The funeral of Stephen Jones

I really had no business attending the funeral of Stephen Jones. I’d never met him and I really didn’t know much about him.

But about two weeks ago, a skier went missing in the Park City ski area around Canyon Village. Immediately, the Wasatch Mountain Wranglers leaped into action, convening on Facebook as to how they could help their fellow runner. Officials forbade us from going to look for him, as it could make things worse (if there was more than one beacon out there, searching would be more difficult, etc.)

And eventually, a couple of days later, his beacon was found. Stephen Jones had been found dead, buried in an avalanche. I had no direct attachment to Stephen, except through my Facebook group, the Wranglers. But I mourned his loss for his friends and family and for our group of 2,569 runners, which comprise the Wranglers.

As I said, I had no business attending the funeral of Stephen Jones. I felt a little out of place, not knowing anyone, really, and started to feel that maybe I was a little bit on the fringe for having made the trip from Provo to Midway, Saturday morning.

The services for Stephen were top notch. Friends and family spoke of a man who was adventurous, opinionated, but above all- loved his family. This was a man to emulate. Everything he did pointed to his love for those around him. As I sat, listening, I realized that I wouldn’t leave this funeral unchanged. I wanted to be a better friend, father and husband.

After the services, our small group of Wranglers made way to the road to begin a run in honor of Stephen. Still uneasy, knowing that I was probably the only one who had never met the man we were gathered to mourn and celebrate, I introduced myself to those around me and even recognized a man from my first ultra, this summer, at Pony Express.

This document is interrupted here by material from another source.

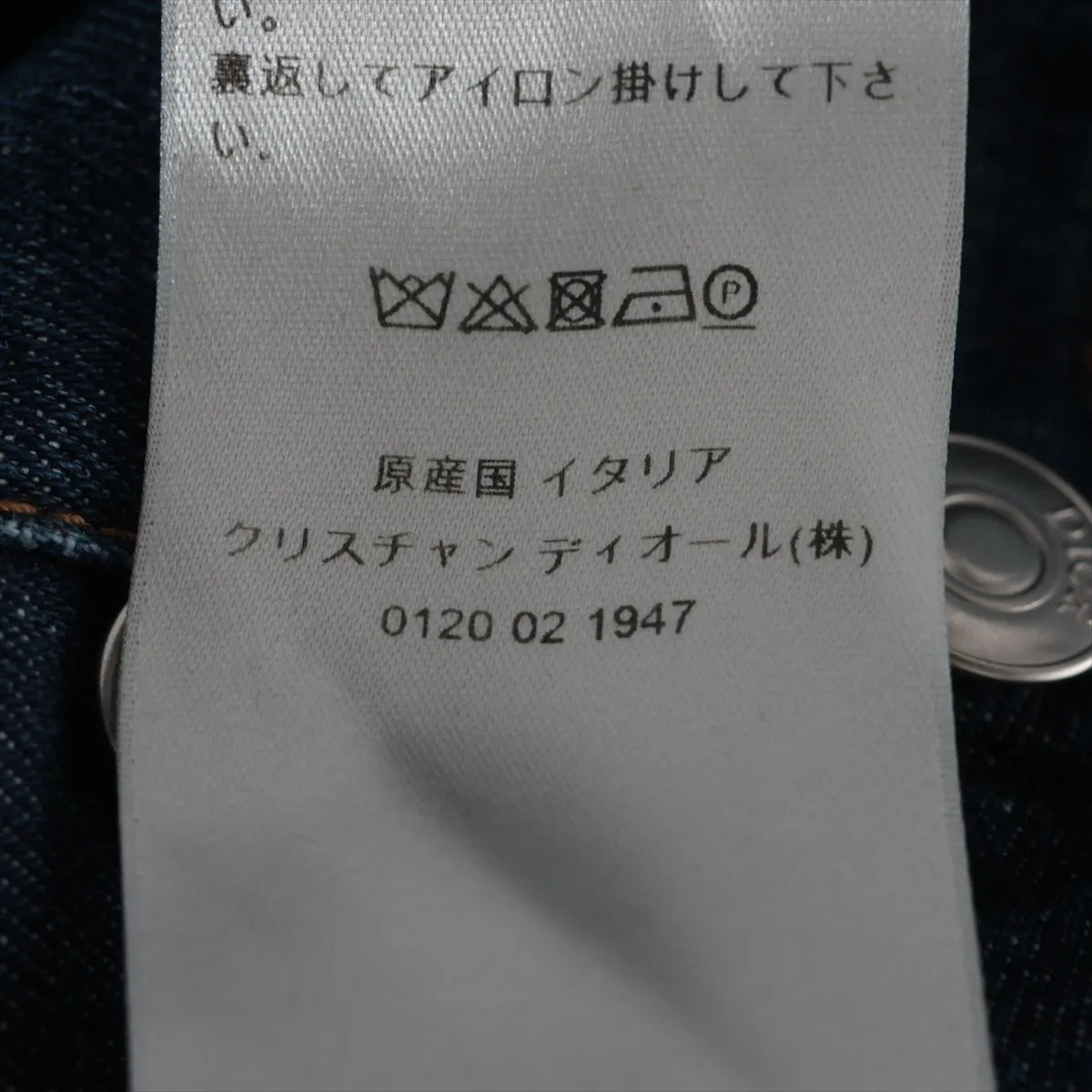 Dior x Kenny Scharf Cotton Polyester Denim Pants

We ran from the Midway Town Hall building, along Main Street. While all thoughts were on Stephen, there were moments that ranged from somber, all the way to joyful as we splashed over muddy puddles, even laughing at points as the mood seemed to lift a bit as we made our way toward the Heber City Cemetery.

As we entered the cemetery grounds, we fell silent as watches dutifully beeped, giving signal to the end of a special commemorative run. We quietly walked over to where a large group of family and friends had already assembled, for the interment of a man who had clearly impacted all who were privileged to meet him.

A beautiful song was performed and as the service ended, I had the honor of meeting some of Stephen’s family and more of the Wranglers group that I’ve been conversing with for over a year. Eventually we pilled into a few vehicles and headed back to the Midway Town Hall, where I quietly got back into my truck for the drive home.

As I drove back down Provo Canyon, I reflected on my life, my family and those who I’ve been fortunate enough to associate with in my 41 years of life. I want to run more, be braver and try harder in those things that I dedicate myself to. I want to be a better husband, father and friend.

For not having ever met Stephen, he has made an indelible impression on me, anyway. Rest in peace, brother.